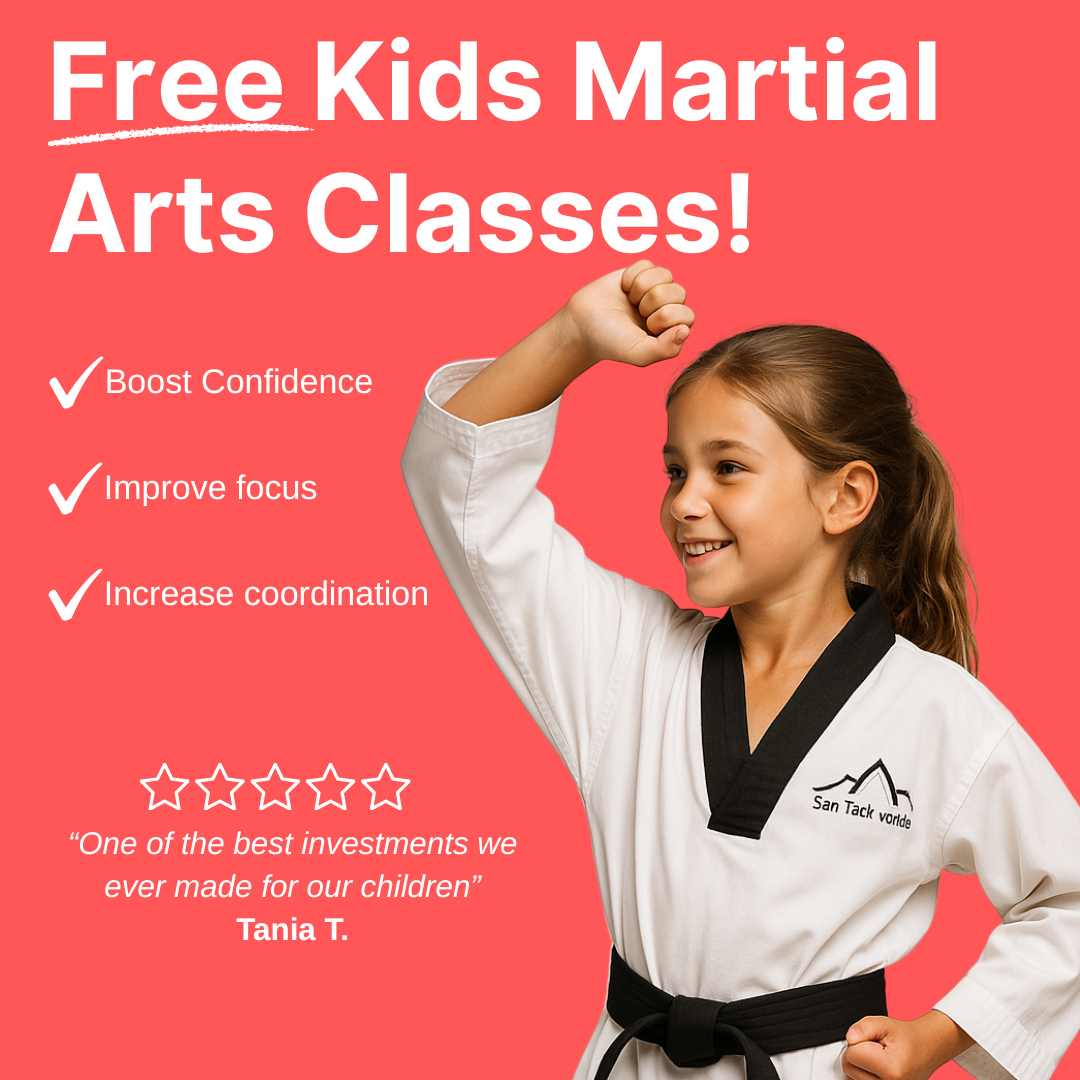 San Taekwondo Facebook ad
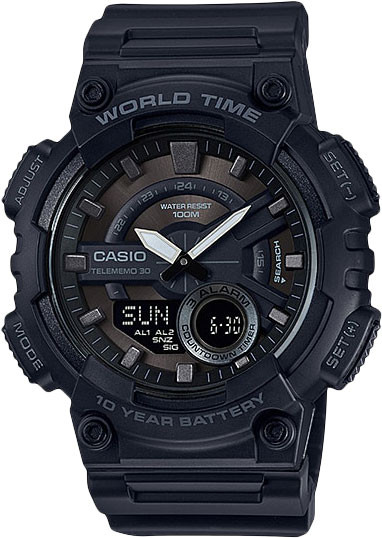 Наручний годинник Casio AEQ-110W-1B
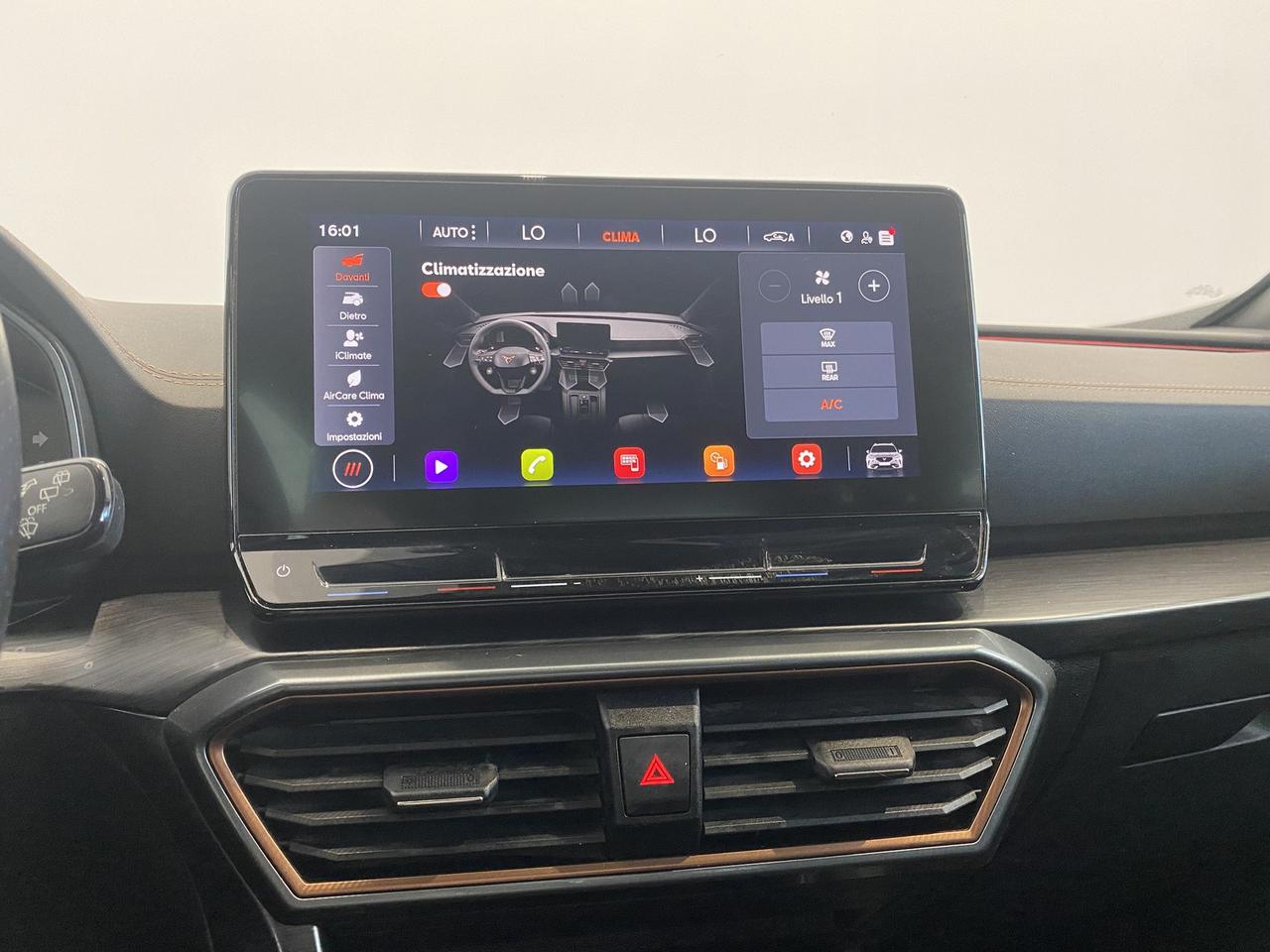 Cupra Formentor 1.5 tsi 150cv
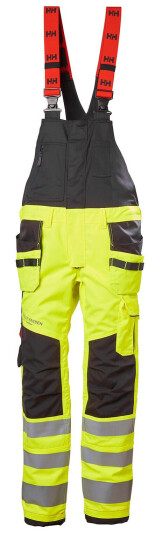 HH Workwear Workwear Helly Hansen Alna 2.0 Hi Vis Håndverkerbukse Med Seler C54 HH Workwear Workwear Helly Hansen Alna 2.0 Hi Vis Håndverkerbukse Med Seler C54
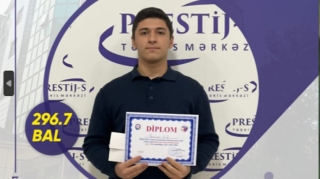 Buraxılış imtahanında ən yüksək balı o topladı  - FOTO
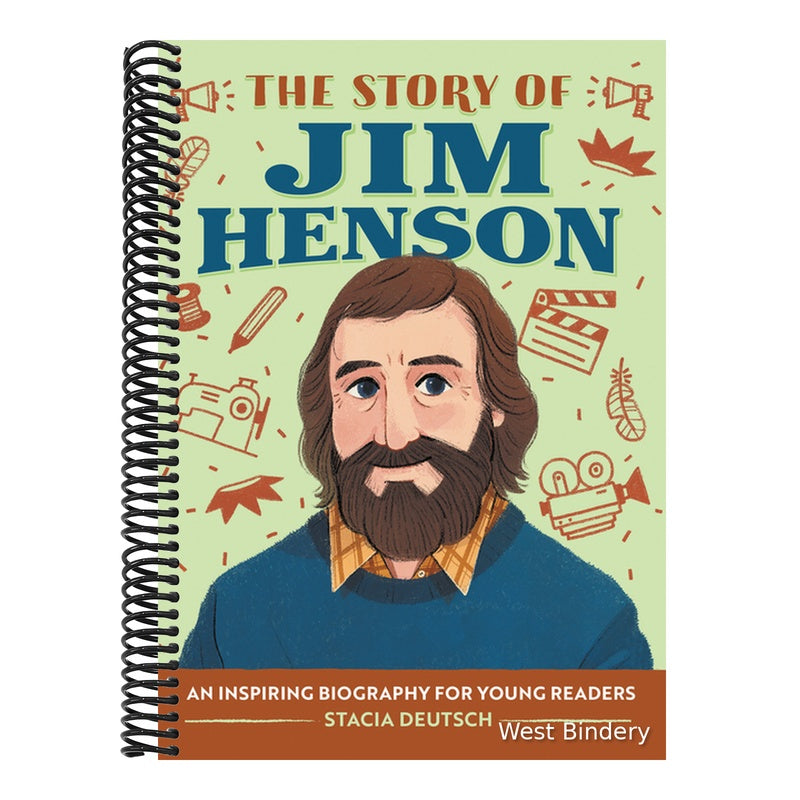 The Story of Jim Henson: An Inspiring Biography for Young Readers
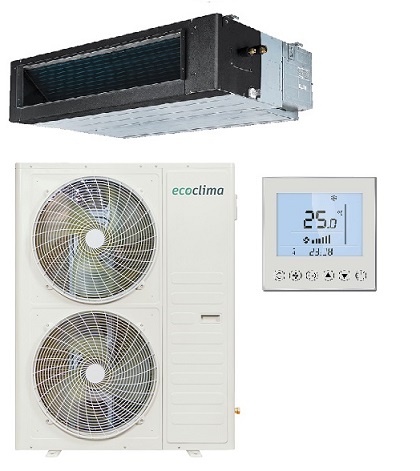 Канальный кондиционер Ecoclima ECLMD-TC48/4R1A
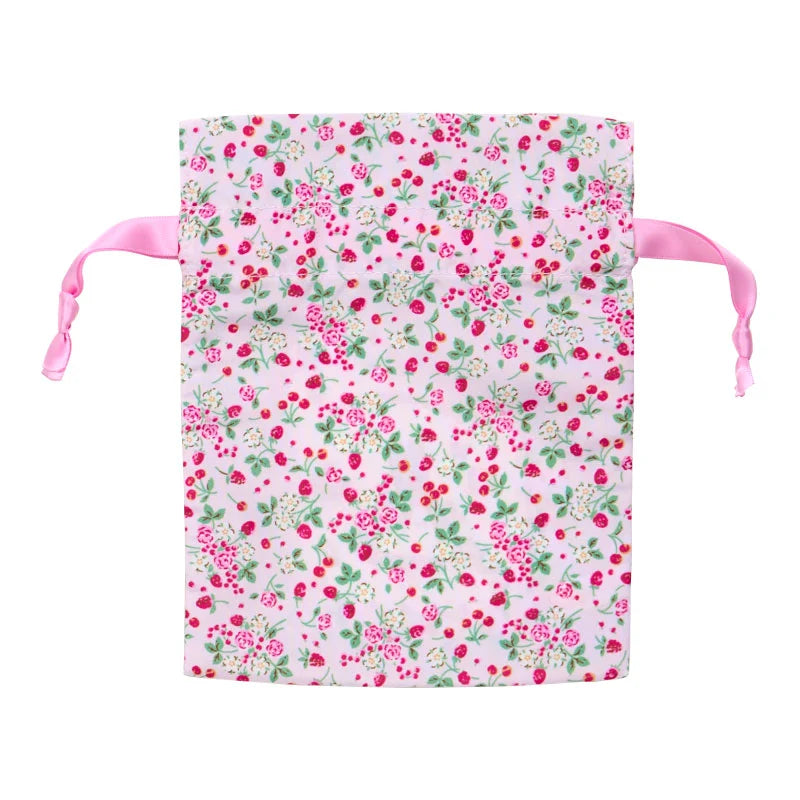 Sanrio Marroncream Set of 2 drawstrings (Marroncream Fashion Show)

# Task directions
From the line with "Наручний годинник Casio AEQ-110W-1B" down to the end of the entries, retype each line exactly as written, but drop the pictures.

# Problem solution
 Наручний годинник Casio AEQ-110W-1B
 Cupra Formentor 1.5 tsi 150cv
 HH Workwear Workwear Helly Hansen Alna 2.0 Hi Vis Håndverkerbukse Med Seler C54 HH Workwear Workwear Helly Hansen Alna 2.0 Hi Vis Håndverkerbukse Med Seler C54
 Buraxılış imtahanında ən yüksək balı o topladı  - FOTO
 The Story of Jim Henson: An Inspiring Biography for Young Readers
 Канальный кондиционер Ecoclima ECLMD-TC48/4R1A
 Sanrio Marroncream Set of 2 drawstrings (Marroncream Fashion Show)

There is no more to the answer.